Once upon a time a little girl named Alice lived in a city by the sea. Her grandfather had come to America on a large sailing ship. He found a job making figureheads for ships and carving Indians for the front of cigar stores. Alice listens to her grandfather's stories and decides she too will travel around the world one day and then eventually come home and live in a cottage by the sea. Her grandfather agrees this will be a fine thing to do but he also gives her the advice above. (Listen here)
Alice does grow up and eventually works in a library in another city but she keeps reading about faraway places. Finally Alice, now called Miss Rumphius, is able to travel. She goes to topical islands, snow covered mountains, jungles and deserts. After a small accident Miss Rumphius returns home to a cottage by the sea. She is happy and does recover but what about that promise to her grandfather? She plants a few seeds in her garden not knowing that this will lead her to the answer. The flowers are lupines and the seeds have blown across the nearby hill. Alice sends for more seeds and she scatters them everywhere.
"The next spring there were lupines everywhere. Fields and hillsides were covered with blue and purple and rose-coloured flowers. They bloomed along the highways and down the lanes. Bright patches lay around the schoolhouse and back of the church."
Miss Rumphius completed her promise.
This is one of those classic American stories that many people will be familiar with. I am sure you will easily find a copy in most libraries. Mine came from a recent charity book sale and this copy has perhaps lingered on a bookshelf in a home for many years because this 1982 picture book is in mint condition and the dust jacket in completely intact which is rare. This edition is still available for over AUS$37 (I paid AUS1.50 at the book fair). Take a look inside Miss Rumphius.
Here is the cover of the paperback which I did have in my former school library:
Bookseller blurb: When Miss Rumphius was little, she would sit on her grandfather's lap and listen to his stories of faraway places-and she would say "When I grow up, I too will go to faraway places, and when I grow old, I too will live beside the sea." However, her grandfather gives her a third charge-to do something that makes the world more beautiful. And Alice grows up to do just that. She takes a job as a librarian far away from the salt air, travels to distant locations, and moves back by the sea. However, she knows she must still do something to make the world more beautiful.

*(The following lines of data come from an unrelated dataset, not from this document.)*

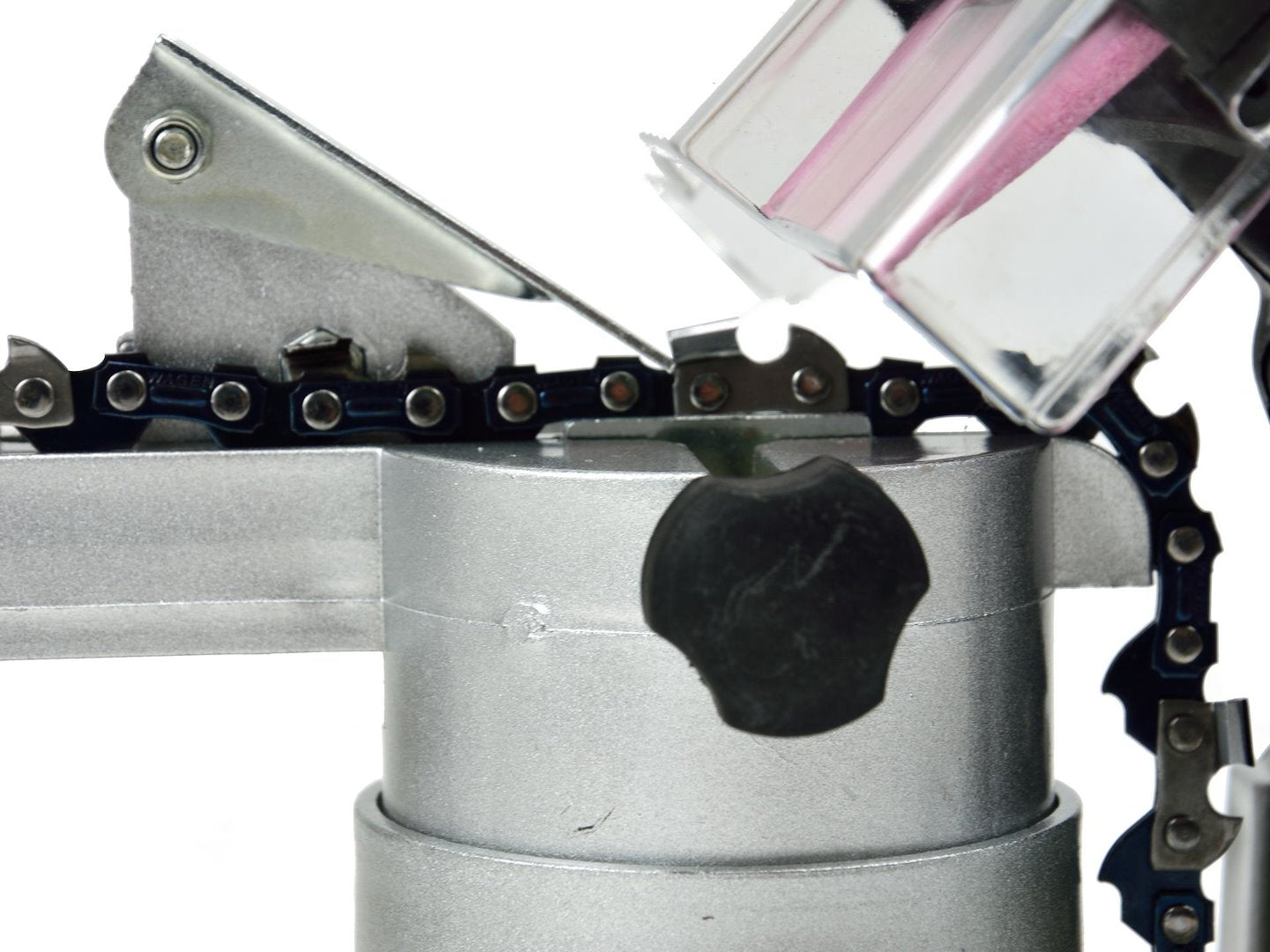 Chainsaw Sharpener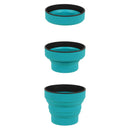 Lifeventure Ellipse Collapsible Cup  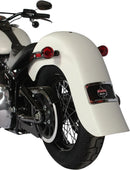 harley-davidson street bob [KLOCK WERKS] – Benchmark Hinterer Kotflügel-4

After watching the Lupines grow by her house, she has a wonderful idea.
One reviewer said: A picture book full of meaning, the gorgeous paintings capture the very essence of New England by the sea and the many stops of her life along the way.
Here are some things I discovered about Miss Rumphius:
- Miss Rumphius was inspired by a real-life "Lupine Lady," Hilda Hamlin, who spread lupine seeds along the Maine coast, as well as Cooney's own experiences traveling the world.

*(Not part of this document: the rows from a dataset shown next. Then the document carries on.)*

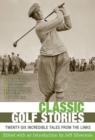 Image for Classic Golf Stories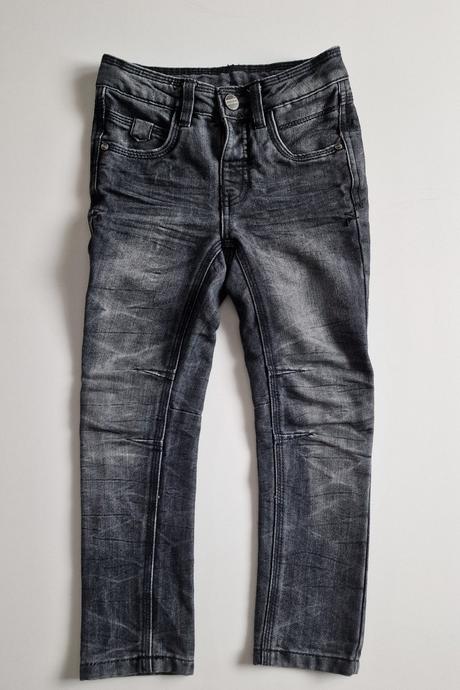 Čierne rifle, dopodopo,116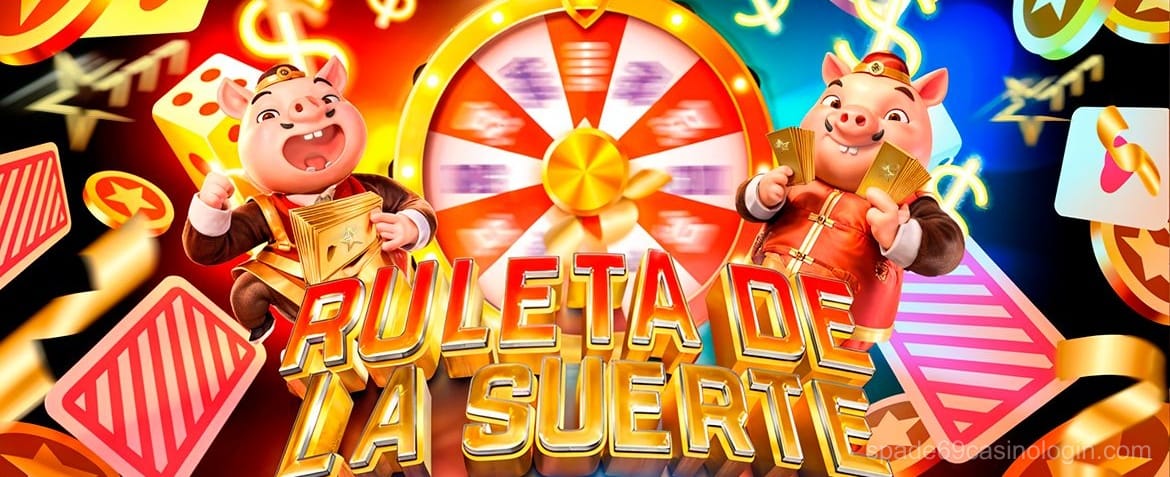 Inicia Sesión Rápidamente en Spade69 Casino para Jugar Ahora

- In 2012, it was ranked number 13 among the "Top 100 Picture Books" in a survey published by the School Library Journal.

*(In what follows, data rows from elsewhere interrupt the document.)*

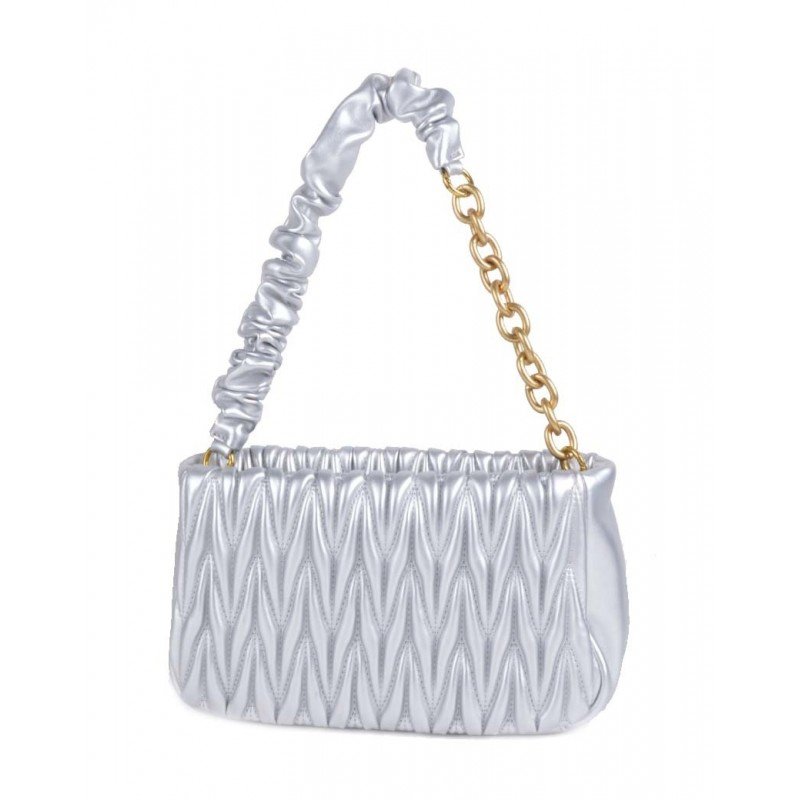 Giuliano Amsterdam Tas Zilver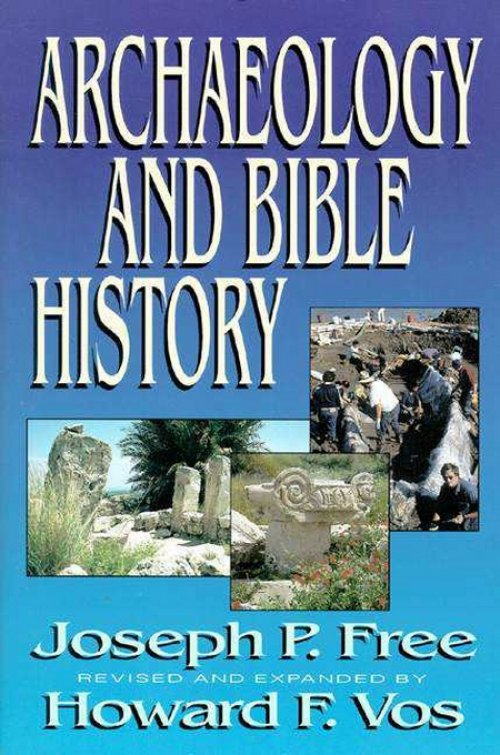 Archaeology And Bible History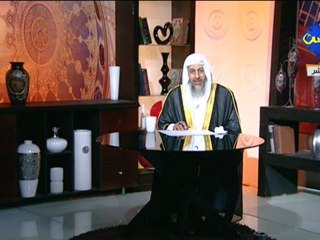 فتاوي الناس الشيخ/ مصطفي العدوي 2012/3/17 قناة الناس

- The book was made into a short film by Western Wood (16 minutes) in 2000.
- The Lupine Award of the Maine Library Association is named in honor of the book as is the New Jersey Center for the Book's Miss Rumphius Award given to librarians and teachers who develop creative activities to support literacy education.
- The book itself is dedicated with a small illustrated icon to Saint Nicholas, who is the patron saint of children, sailors, and maidens (or unmarried persons).
- Many of Miss Rumphius' journeys were inspired by Barbara Cooney's own experiences traveling around the world.
- The art for Miss Rumphius has a permanent home in the Bowdoin College Museum of Art.
- Barbara Coney was born in 1917 and died in 2000 aged 82. Her first book was published in 1940, and her 110th book, Basket Moon, was published in September of 1999.
- Miss Cooney twice won the prestigious Caldecott Medal given by the American Library Association for Best Illustrated Book of the Year, first for her retelling of Chaucer's Chanticleer and the Fox, and second, for Ox-cart Man, written by famed New England poet Donald Hall.
- Barbara Cooney was honored as the official United States Nominee for the Hans Christian Andersen Medal
- "Of all the books I have done," she says, "Miss Rumphius (Viking, 1982), Island Boy (Viking, 1988), and Hattie and the Wild Waves (Viking, 1990), are the closest to my heart. These three are as near as I ever will come to an autobiography."